In our report, we don't name all the groups. I guess I'd have to get a list. There were some municipalities and obviously the nine provinces and the territories. Originally Alberta was part of it but dropped out. So it was originally ten and then nine provinces, and as Mr. Vaughan said, a number of groups were consulted.

Also, one of the things we mention here is that some of the criteria we used were the Treasury Board Secretariat of Canada guidelines for effective regulatory consultations. We looked at those guidelines and the way it was done in this case. We found that what was done matched those guidelines very well. So those guidelines are already there, not necessarily for...because this is not a regulatory exercise. Nevertheless, they applied pretty well, and they were followed.
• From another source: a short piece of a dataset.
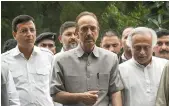  ?? —PTI ?? Senior Congress leaders leave after a meeting with CVC, K.V. Chowdary at CVC in New Delhi, Monday.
With the exception of Alberta, which had some reservations about it, all concerned seemed quite satisfied with it and felt it was very worthwhile.

When it comes to the cost, I don't think anyone actually costed that exercise, what it would have cost. We certainly don't have any figures on that.

9:40 a.m.

Conservative

Mark Warawa Conservative Langley, BC

So consultation with water was largely focused on the provincial and territorial consultation. Is that correct?

9:40 a.m.

Commissioner of the Environment and Sustainable Development, Office of the Auditor General of Canada

Scott Vaughan

Exactly. With the water consultation, say on the development of the guidelines, this would involve, as I mentioned.... I mean, there's a very, very strong federal-provincial committee in place on ensuring that the guidelines are up to date, so the consultations are with all the provinces. In addition, Health Canada draws on input from, for example, the World Health Organization and the U.S. Environmental Protection Agency. There are other groups involved as well, including municipalities, in ensuring that the guidelines are up to date.

9:40 a.m.

Conservative

Mark Warawa Conservative Langley, BC

The consultation process took place from when to when?

9:40 a.m.

Commissioner of the Environment and Sustainable Development, Office of the Auditor General of Canada

Scott Vaughan

On the guidelines, the consultation is ongoing. As I mentioned in the opening statement, there are 120 different contaminants, but that is not a fixed list. If a there's a new risk or new information on toxicity data or other data that comes in, the list either would increase or some things would be dropped if there's a problem that's addressed. This is an ongoing exercise that happens virtually every week somewhere in the country.